The business events industry is pleading the Victorian Government for urgent financial support and a revised reopening plan to rebuild the state’s event sector.
Meetings & Events Australia (MEA) national chair Kate Smith said despite considerable consultation with government over the past six months, Victoria’s business events industry is still without dedicated funding or support.
“Business events are the highest yielding sector in Victoria’s visitor economy yet here we are in October without a confirmed road map that supports indoor business events commencing as a step towards the state’s recovery,” she said.
It comes as regional Victoria is now in the Third Step to reopening, while metropolitan Melbourne remains in the Second Step with the events industry unable to operate.
Smith has written again to Victoria’s Minister for Tourism & Major Events Martin Pakula urging him to facilitate a “collaborative approach” in designing and implementing an achievable plan to re-instating events within Victoria.
The letter covers the following three main points:
Business events can operate in a controlled environment
“We are not the same as mass gatherings and by the very nature of our events we can operate within controlled environments with technology and data collection available to assist along with our entire supply chain having COVID safety plans ready to implement,” said Smith.
Business events can be introduced in a staged process
“Currently Victoria is around 4 months behind the actual implementation of business events we’ve seen underway in other states. Our colleagues have been able to operate with limitations and with a staged, measured and tested response increasing at moderate levels. Victoria needs a starting point to commence this process with a moderate number of participants operating with a 1 person per 4 sqm limitation with aim to moving safely towards a 1 person per 2 sqm limitation.”
Business events can commence with a roadmap
“The very nature of the events our sector delivers requires time to plan and take them to market. When restrictions lift, our return to delivering events will not be immediate. There will be lag time required to implement the planning, marketing and the end delivery of the event. Advance notice is imperative. If Victoria does not have an effective road map in the immediate weeks for business events, significant levels of business are at risk of being cancelled, moving to virtual or to other states into 2021. This means a loss to the state of businesses, jobs and Victoria’s renowned reputation in the delivery of events.”
View a copy of the full letter here.
Industry bodies join forces
MEA has also joined forces with peak bodies including the Victorian Tourism Industry Council (VTIC), the Accommodation Association of Australia, Tourism Accommodation Australia (Vic) and Restaurant & Catering Australia to propose an alternative roadmap for the restarting of business.
The industry groups said Victoria “could not reach the benchmarks the Andrews Government set in its roadmap and it was time for a new approach”.
Under the proposed plan, business events would be permitted for up to 50 people from 30 October, subject to the one person per four square metre rule, with a goal to increase the cap to 100 people by 1 December.

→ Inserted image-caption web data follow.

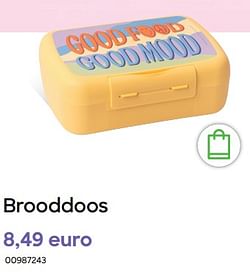 Brooddoos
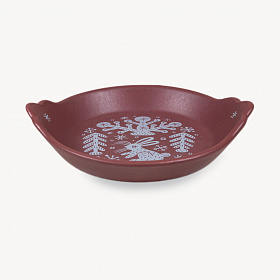 Тарелка лодочка «Заяц»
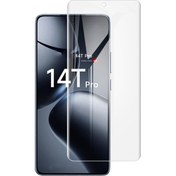 Resim Xiaomi 14t 5g / 14t Pro 5g İmak İçin 4. Nesil Tam Kapsama Ekran Hidrojel Film Koruyucu 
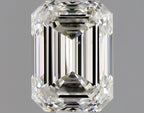 Diamante Naturale Taglio Smeraldo 1.01ct VG/EX I VS2 - GIA - 6.36x4.65x3.28mm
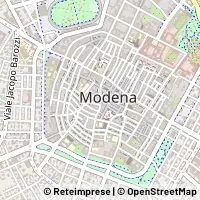 Kaart Modena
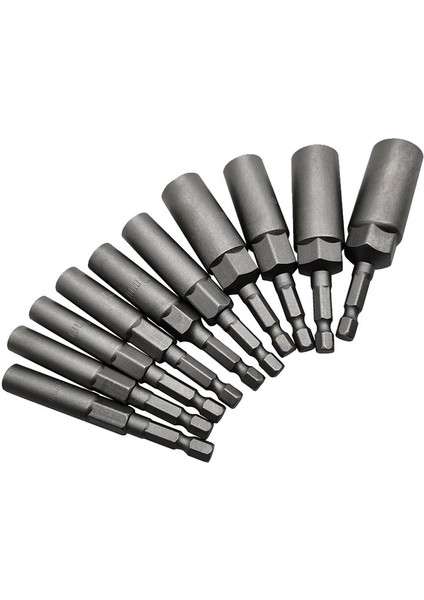 10PCS 5 5MM-14MM Altı Soket Kılıf Nozulları Somun Drive Güç Matkapları Için Set Etki Sürücüleri Güç Tornavida Tutma Aletleri (Yurt Dışından) fiyatları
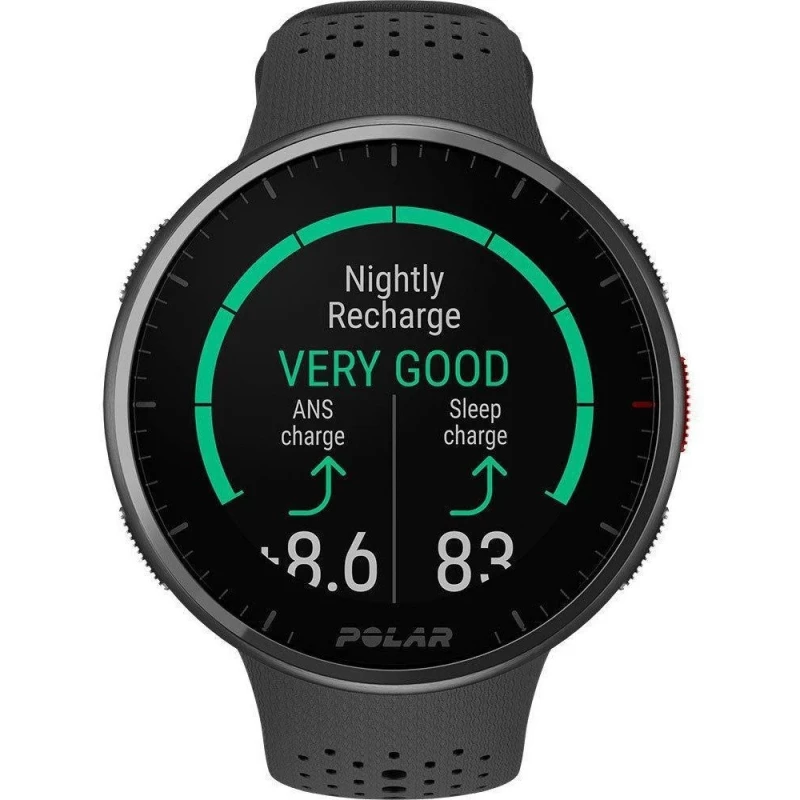 Смарт-часы Polar Pacer Pro Carbon Gray (900102178) - Зображення 5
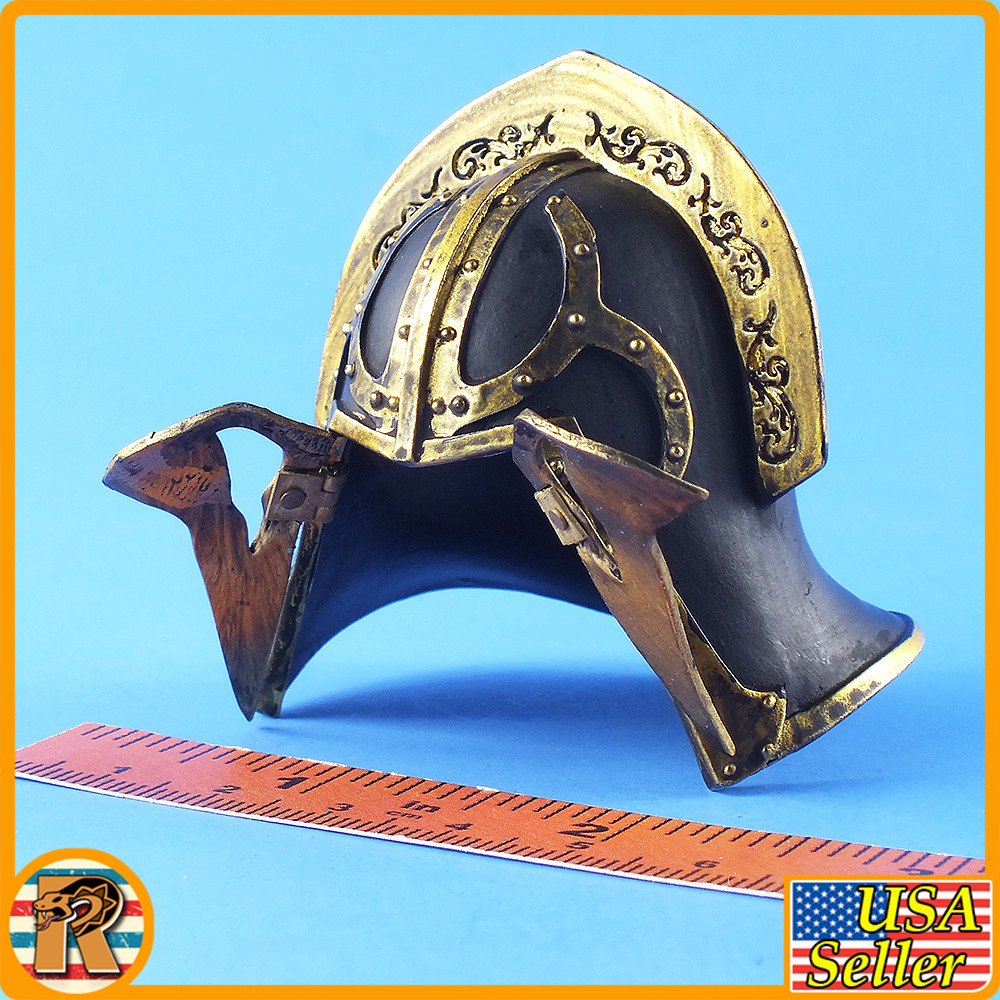 Lannister Nobleman Metal Helmet 1/6 Scale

VTIC CEO Felicia Mariani said it has been incredibly hard to watch the reopening of New South Wales accommodation, business events, attractions and dining when Victoria have “similar daily case numbers to those we are seeing now in Victoria”.
For comparison, Victoria reported five new local COVID-19 cases in the 24-hour reporting period today (22 October), while NSW reported one new local case in the same period.
“NSW had more new cases than Victoria multiple times this week, but they proceeded with plans to double the number of people allowed in outdoor venues and increasedthe number of people allowed at outdoor concerts to 500,” Mariani said in her statement on 16 October.
“It’s time for the Victorian Government to change gear and focus on measures that will ensure safety while businesses operate because extending the shutdown cannot be a permanent solution to COVID-19.”
Event businesses plead for support
Meanwhile, a group of event professionals have launched their own campaign, Save Victorian Events.
As part of the campaign, event supplier Harry the Hirer released a video in which CEO Gab Robinson pleaded with the state government to take action.
“Sadly, time is running out here in Victoria and without the reopening of events or significant support from the government, the industry that puts on the show will soon be out of business,” he said.
“Our industry is rapidly and irrevocably falling apart, with many businesses and events now closed or struggling to survive with little hope of recovering.
“We can’t sit idle, we need to be allowed to go further, with government willingness we believe we can bring our event and exhibition industry and in a safe way. But we need support to do this and, importantly, we need to move now.”
Watch the video below:
State rules, national impact
While Victoria’s lockdown has had a devastating impact on the state’s business events sector, Smith argues the situation also greatly impacts confidence levels across the country.
“With one of our larger states heavily under restrictions and well behind the other states in terms of delivering even virtual events, it ultimately impacts on the confidence in people to invest in events again and delays the steps needed to be able to open up our borders to travel freely to attend events, book flights and accommodation and start to contribute towards our economic recover,” she said.
“Whist state-based events are important, national events are what contribute more significantly to the economy.”